About two weeks after Premier Alison Redford warned Albertans of a tough budget March 7, in which resource royalties are expected to plunge by $6-billion in the next fiscal year largely due to the lower price paid for the province's bitumen compared to other benchmark crudes, the AFL said there is a "silver lining" to the dismal fiscal projections.

Federation president Gil McGowan said a 2011 internal government report, obtained through a Freedom of Information request, shows that as the price differential between Alberta heavy oil and the benchmark West Texas Intermediate crude grows, mining projects that both extract and upgrade bitumen become more economically viable. Mines alone become less economically profitable, the data shows.

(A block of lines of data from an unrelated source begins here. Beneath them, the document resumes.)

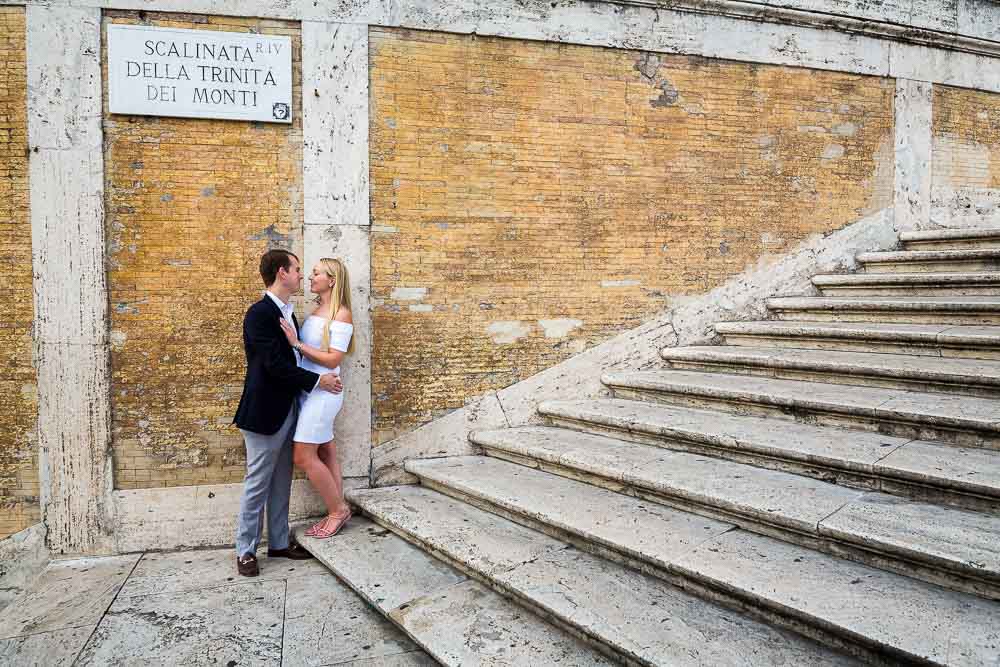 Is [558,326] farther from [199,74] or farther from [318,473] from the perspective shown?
[199,74]

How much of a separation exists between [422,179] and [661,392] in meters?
2.45

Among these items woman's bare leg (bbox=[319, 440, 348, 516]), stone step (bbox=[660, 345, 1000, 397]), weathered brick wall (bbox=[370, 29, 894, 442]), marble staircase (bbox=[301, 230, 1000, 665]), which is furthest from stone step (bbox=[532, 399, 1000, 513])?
woman's bare leg (bbox=[319, 440, 348, 516])

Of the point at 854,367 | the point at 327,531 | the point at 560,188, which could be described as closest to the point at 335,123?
the point at 560,188

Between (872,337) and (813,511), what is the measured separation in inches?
84.0

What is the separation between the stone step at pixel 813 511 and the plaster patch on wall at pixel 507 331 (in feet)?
3.51

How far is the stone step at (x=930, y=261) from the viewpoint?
4.88 m

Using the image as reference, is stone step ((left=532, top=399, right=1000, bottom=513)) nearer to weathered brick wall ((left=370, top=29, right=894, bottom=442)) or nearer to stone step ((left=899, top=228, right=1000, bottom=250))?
weathered brick wall ((left=370, top=29, right=894, bottom=442))

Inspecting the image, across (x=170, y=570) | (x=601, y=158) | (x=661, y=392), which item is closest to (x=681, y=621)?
(x=661, y=392)

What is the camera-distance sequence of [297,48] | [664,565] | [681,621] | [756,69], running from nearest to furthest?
1. [681,621]
2. [664,565]
3. [297,48]
4. [756,69]

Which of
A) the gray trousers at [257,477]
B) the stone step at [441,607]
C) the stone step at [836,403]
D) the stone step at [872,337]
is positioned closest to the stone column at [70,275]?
the gray trousers at [257,477]

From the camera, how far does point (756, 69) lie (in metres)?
5.43

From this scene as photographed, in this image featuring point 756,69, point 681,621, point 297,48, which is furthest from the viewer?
point 756,69

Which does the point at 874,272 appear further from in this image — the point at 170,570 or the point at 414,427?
the point at 170,570

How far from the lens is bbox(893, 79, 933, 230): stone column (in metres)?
5.82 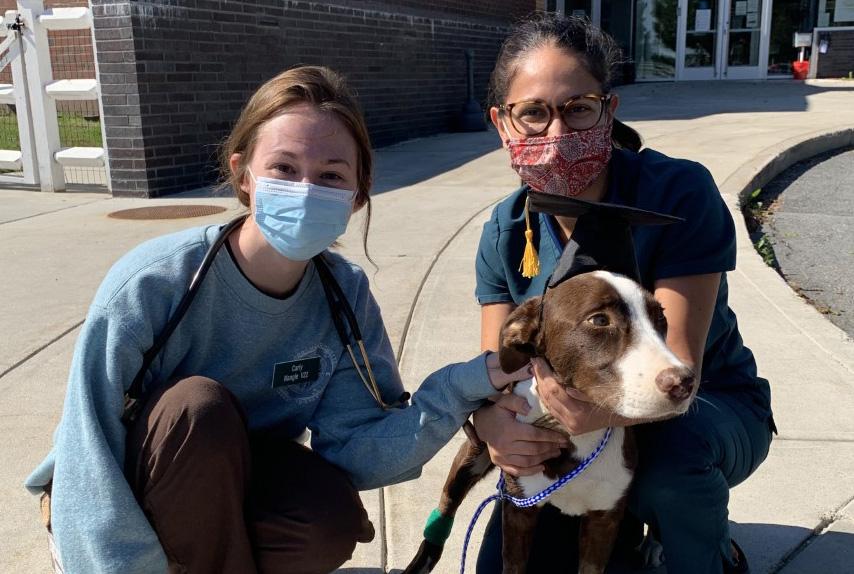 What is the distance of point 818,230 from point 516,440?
708 cm

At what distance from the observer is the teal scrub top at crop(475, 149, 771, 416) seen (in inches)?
99.4

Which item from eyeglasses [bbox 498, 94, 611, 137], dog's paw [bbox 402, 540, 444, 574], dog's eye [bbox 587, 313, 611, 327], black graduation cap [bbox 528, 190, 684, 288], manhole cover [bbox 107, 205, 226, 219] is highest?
eyeglasses [bbox 498, 94, 611, 137]

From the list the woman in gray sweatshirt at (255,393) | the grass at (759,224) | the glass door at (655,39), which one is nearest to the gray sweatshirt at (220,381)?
the woman in gray sweatshirt at (255,393)

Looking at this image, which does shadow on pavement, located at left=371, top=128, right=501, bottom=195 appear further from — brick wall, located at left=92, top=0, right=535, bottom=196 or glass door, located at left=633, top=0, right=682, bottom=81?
glass door, located at left=633, top=0, right=682, bottom=81

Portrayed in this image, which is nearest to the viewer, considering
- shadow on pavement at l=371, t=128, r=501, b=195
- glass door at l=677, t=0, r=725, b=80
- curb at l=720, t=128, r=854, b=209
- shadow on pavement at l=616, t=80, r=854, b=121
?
curb at l=720, t=128, r=854, b=209

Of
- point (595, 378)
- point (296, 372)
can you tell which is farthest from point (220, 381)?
point (595, 378)

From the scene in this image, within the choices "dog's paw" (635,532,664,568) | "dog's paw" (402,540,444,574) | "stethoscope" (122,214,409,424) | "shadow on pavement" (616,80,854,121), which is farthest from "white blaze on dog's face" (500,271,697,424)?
"shadow on pavement" (616,80,854,121)

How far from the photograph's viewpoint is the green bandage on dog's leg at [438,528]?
287 centimetres

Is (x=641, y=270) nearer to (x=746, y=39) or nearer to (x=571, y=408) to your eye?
(x=571, y=408)

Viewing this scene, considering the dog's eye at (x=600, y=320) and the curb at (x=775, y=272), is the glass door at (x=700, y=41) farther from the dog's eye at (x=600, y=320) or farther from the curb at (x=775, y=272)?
the dog's eye at (x=600, y=320)

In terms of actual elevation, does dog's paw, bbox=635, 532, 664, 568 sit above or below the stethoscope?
below

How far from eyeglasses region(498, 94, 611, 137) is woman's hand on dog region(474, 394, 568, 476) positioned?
814 millimetres

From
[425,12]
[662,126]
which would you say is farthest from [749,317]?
[425,12]

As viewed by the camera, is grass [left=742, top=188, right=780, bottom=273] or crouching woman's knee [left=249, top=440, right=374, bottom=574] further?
grass [left=742, top=188, right=780, bottom=273] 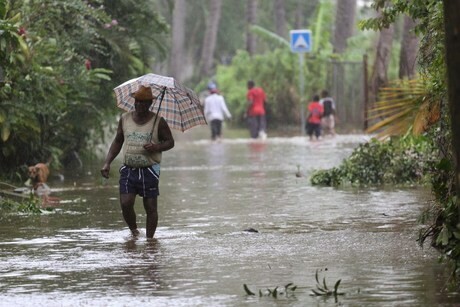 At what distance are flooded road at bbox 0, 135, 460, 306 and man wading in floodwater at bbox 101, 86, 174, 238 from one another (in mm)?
428

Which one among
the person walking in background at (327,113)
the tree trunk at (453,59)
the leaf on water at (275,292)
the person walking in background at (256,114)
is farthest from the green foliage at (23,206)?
the person walking in background at (256,114)

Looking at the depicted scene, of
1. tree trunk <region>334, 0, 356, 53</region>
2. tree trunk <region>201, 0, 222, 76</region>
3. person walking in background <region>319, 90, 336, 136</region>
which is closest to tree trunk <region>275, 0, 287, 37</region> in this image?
tree trunk <region>201, 0, 222, 76</region>

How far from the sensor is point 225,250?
1225 cm

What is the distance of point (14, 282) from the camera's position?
10.4m

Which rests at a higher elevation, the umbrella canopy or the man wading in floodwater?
the umbrella canopy

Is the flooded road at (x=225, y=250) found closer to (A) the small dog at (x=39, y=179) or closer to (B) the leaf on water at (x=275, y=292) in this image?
(B) the leaf on water at (x=275, y=292)

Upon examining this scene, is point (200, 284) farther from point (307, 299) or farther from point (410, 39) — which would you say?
point (410, 39)

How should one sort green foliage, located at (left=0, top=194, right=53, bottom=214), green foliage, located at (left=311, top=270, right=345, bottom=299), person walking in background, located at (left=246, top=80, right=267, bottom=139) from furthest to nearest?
person walking in background, located at (left=246, top=80, right=267, bottom=139) → green foliage, located at (left=0, top=194, right=53, bottom=214) → green foliage, located at (left=311, top=270, right=345, bottom=299)

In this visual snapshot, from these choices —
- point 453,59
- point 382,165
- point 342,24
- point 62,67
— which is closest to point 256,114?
point 342,24

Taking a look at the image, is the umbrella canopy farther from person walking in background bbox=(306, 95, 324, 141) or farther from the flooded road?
person walking in background bbox=(306, 95, 324, 141)

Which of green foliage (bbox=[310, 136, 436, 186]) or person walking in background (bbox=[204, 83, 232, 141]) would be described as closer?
green foliage (bbox=[310, 136, 436, 186])

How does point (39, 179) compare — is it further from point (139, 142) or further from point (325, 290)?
point (325, 290)

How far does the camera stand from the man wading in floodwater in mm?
13383

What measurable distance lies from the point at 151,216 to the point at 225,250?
1.37 metres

"The numbers do add up that there is a strong economic case for the type of development that Albertans want, which is upgrading and refining, and that the government knows that the economics are strong but has been telling us something else," McGowan said.

The AFL has long argued for more upgrading capacity in the province, saying it will create more long-term jobs and net better value for Alberta bitumen since the refined product garners a stronger price. However, on the same day as the AFL released its documents, Suncor Energy Inc. announced that a final decision on its planned multibillion dollar Voyageur upgrading project won't be made until the end of March due to a gush of higher quality light oil that has eroded the economic argument for the upgrader.

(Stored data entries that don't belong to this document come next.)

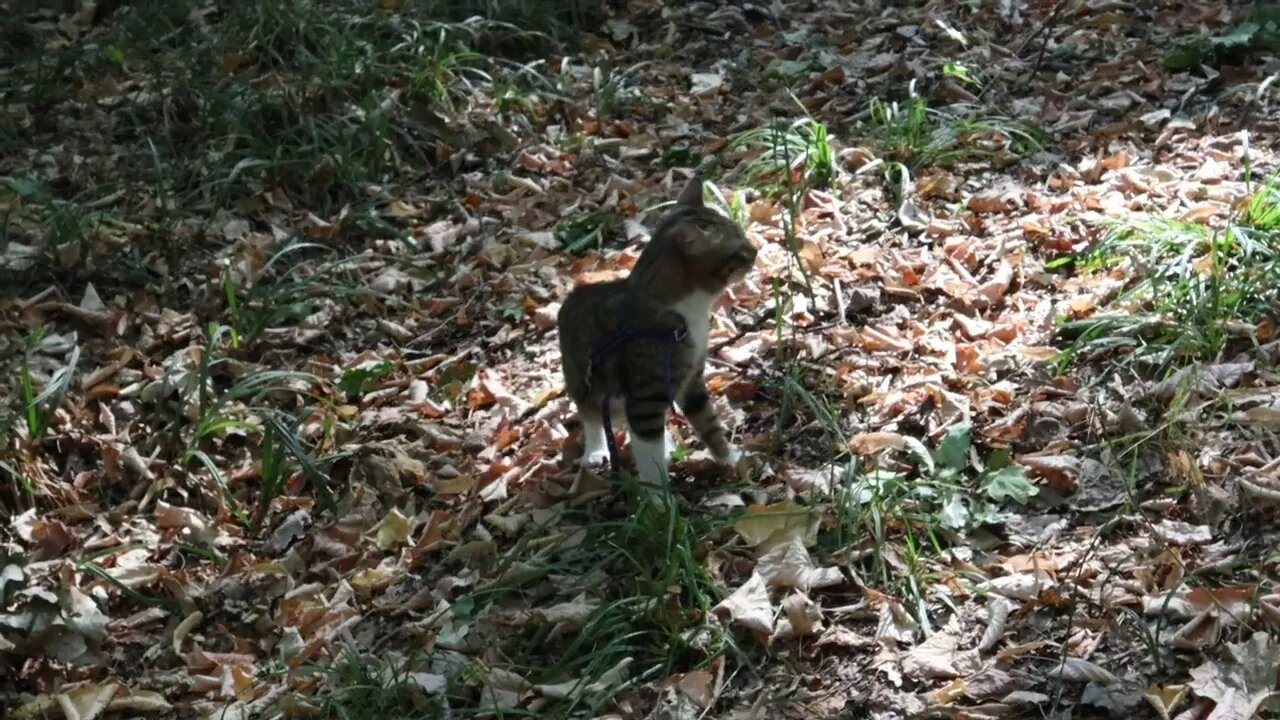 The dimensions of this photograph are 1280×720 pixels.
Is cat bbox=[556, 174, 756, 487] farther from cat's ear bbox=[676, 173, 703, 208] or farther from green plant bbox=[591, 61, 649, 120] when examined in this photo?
green plant bbox=[591, 61, 649, 120]

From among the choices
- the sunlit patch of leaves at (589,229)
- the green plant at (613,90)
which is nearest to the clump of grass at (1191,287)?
the sunlit patch of leaves at (589,229)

Alberta Energy Department spokesman Mike Deising said the private sector has the "paramount responsibility" to determine if building upgraders in the province is economically feasible.

"You don't make economic decisions on billion-dollar refineries or upgraders based on a price differential at one point in time," he said. "These are 30-year or longer assets and companies look 30 years out onto the horizon. Just because we're seeing a widening of the differential right now, that's not going to affect the business case that's going to be a 30-year asset, it's just going to be part of the decision-making process."

The differential between the two types of oil has been growing and spiked sharply in December. McGowan said it currently hovers in the range of 30 per cent. He called it an "incredible loss of value, an incredible loss of jobs and an incredible loss of opportunity" if the trend of refining less bitumen in the province continues.

The chairman of North West Upgrading Inc. spoke out this week about the benefits of refining more oil in Alberta.

The company is partnering with Canadian Natural Resources Ltd. to build the $5.7-billion Sturgeon upgrader and refiner through the province's bitumen-royalty-in-kind program. The scheme sends provincially owned bitumen to private sector refineries to be turned into higher-quality products. The Sturgeon facility is the only project that's coming to fruition through the program, which was started in 2010.

It is the first new refinery to be built in Alberta in 30 years.

McGowan said the bitumen royalty-in-kind program needs to be expanded.